Il s’agit de retrouver le monde méprisé, inexploré dans les temps modernes. La racine de marronnier qui, dans un moment d’extase horrible au détour d’un jardin public, avait soudain révélé à Sartre que l’existence relève de la contingence, est en réalité un système complexe capable de communiquer avec l’environnement et de nouer des alliances avec des levures et des champignons. 

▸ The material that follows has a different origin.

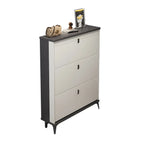 Entryway Grey/White Drop Front Shoe Storage Cabinet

Faire alliance avec les puissances de la nature que les temps modernes voulaient mettre à distance ou réduire au silence, cela suppose d’abord de se mettre à l’écoute, de regarder et de protéger la diversité biologique et minérale. Cela demande aussi de ne plus considérer la nature comme une réserve de ressources à explorer puis exploiter pour conquérir une ultime frontière. Cela suppose de se dégager de l’empire du temps chronologique, du temps universel et linéaire, une construction sociotechnique certes redoutablement puissante, mais qui tend à occulter la diversité et l’hétérogénéité des temps propres à tous les êtres qui peuplent la planète. Car la diversité des façons d’être au temps n’est pas qu’un phénomène culturel, relevant de l’anthropologie. Elle est partout dans la nature et saute aux yeux dès lors que l’on accepte de se décentrer, de considérer le mode d’existence des tiques, des virus et bactéries qui croisent nos lignes de vie et font un bout de chemin avec nous en composant des paysages temporels plus ou moins conflictuels ou harmonieux .

Mais comment ébranler, dépasser ces schémas profondément enracinés dans notre culture ?   « La symbiose ou la mort », écrivait Michel Serres dans Le Contrat naturel. Seule une innovation sociale et politique peut nous libérer de l’angoisse et de la crainte suscitées par les grands partages de la modernité comme nature/culture, sujet/objet. On commence timidement à traiter des fleuves et des montagnes comme personnalités juridiques afin de ne plus les traiter comme de simples ressources à disposition des humains et reconnaître leurs droits à l’existence. En finir avec l’exception humaine pour appréhender le monde dans sa matérialité et sa diversité, c’est le seul moyen de chasser le fantasme de la fin des temps. Le temps de l’espoir surgit quand on n’a pas de statut, plus d’acquis, plus rien à perdre. On peut alors composer de nouveaux paysages technologiques moins rebutants, moins dissonants, en jouant avec la diversité des régimes temporels et leurs interactions possibles.